Gli era sembrato che le fosse piaciuto, certo difficile dirlo con lei. Aveva sgranato gli occhi con sincera sorpresa, non come quando le sbraitava addosso, lo aveva spacchettato con cura, quasi che tenesse persino alla carta regalo, e gli aveva sorriso con calore, sebbene a labbra rigorosamente strette e con quella punta di perenne superiore divertimento, che Kidd aveva ormai capito essere il suo modo di contenersi e non una tendenza intrinseca a prendere chiunque per il culo. Forse un po’ gli aveva bruciato. Forse, in fondo, in fondo, si era aspettato una reazione più esplosiva, più entusiasta, meno da lei. Ma lo sapeva, quello era un privilegio riservato alle lezioni con Monet, alla possibilità di andare a pattinare spensieratamente sulla pista di Piazza Gyoncorde senza doversi preoccupare una volta tanto di punteggi, penalità, sottigliezze tecniche, all’hamburger del Water Seven Grill che si concedevano un paio di volte al mese con mezza compagnia dell’Ice Village e che sicuramente, ormai Kidd ne era certo, aveva qualcosa a che fare con la parola “vkusno”.

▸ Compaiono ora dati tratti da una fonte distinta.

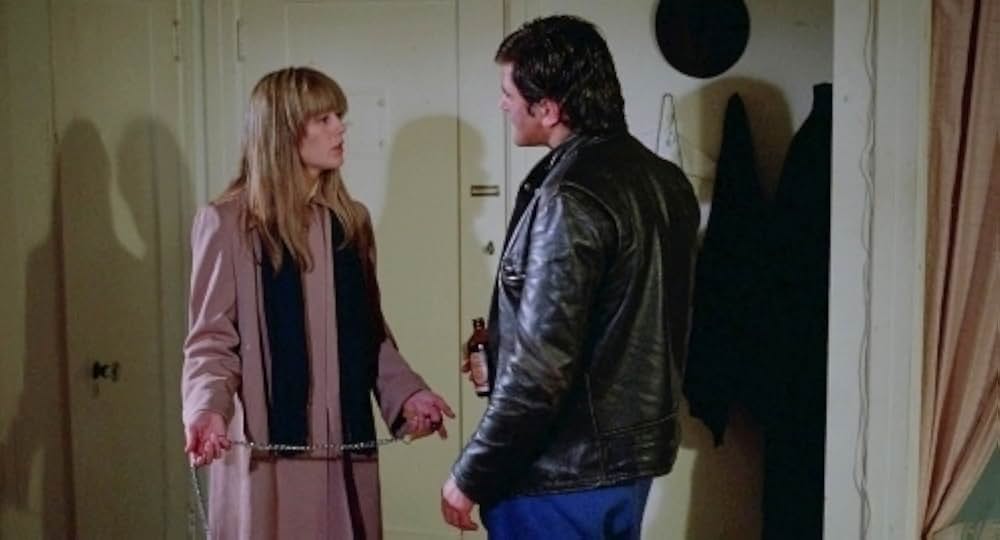 ダーク・エンジェル／殺しの抱擁の画像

E sì, Kidd poteva accettare che l’accappatoio che le aveva regalato, nonostante l’impegno che ci avesse messo, non fosse poi così vkusno come aveva pensato, poteva persino scendere a patti con se stesso e ammettere che, sì, ci era rimasto male. Ma non poteva tollerare che Reiju avesse usato ancora il suo. Okay, non le piaceva quello che le aveva comprato ma ciò non toglieva che ora ne aveva uno e questo significava niente più scuse accettabili che giustificassero il furto del suo accappatoio.
Entrò come un uragano nella sua camera da letto, senza nemmeno bussare. Reiju si voltò, quanto mai perplessa ma per nulla imbarazzata dal fatto di avere addosso solo i collant effetto nudo e il body intimo da allenamento color carne che, a una prima occhiata, la fece sembrare completamente nuda agli occhi di Kidd. Il sangue gli defluì tutto dal cervello al basso ventre e, per un attimo, si dimenticò perché avesse quasi scardinato la porta. Poi le mani si strinsero spasmodiche intorno a un indumento umido e tutto tornò chiaro e lucido nella sua testa, spedendo il perfetto corpo di Reiju, il modo adorabile in cui corrugava le sopracciglia, il vibrare sensuale della sua voce nel pronunciare parole incomprensibili, ma con la chiara intonazione di una domanda, e la grazia con cui il suo ciuffo oscillava al lato del viso mentre piegava il capo di lato con fare interrogativo, in secondo piano.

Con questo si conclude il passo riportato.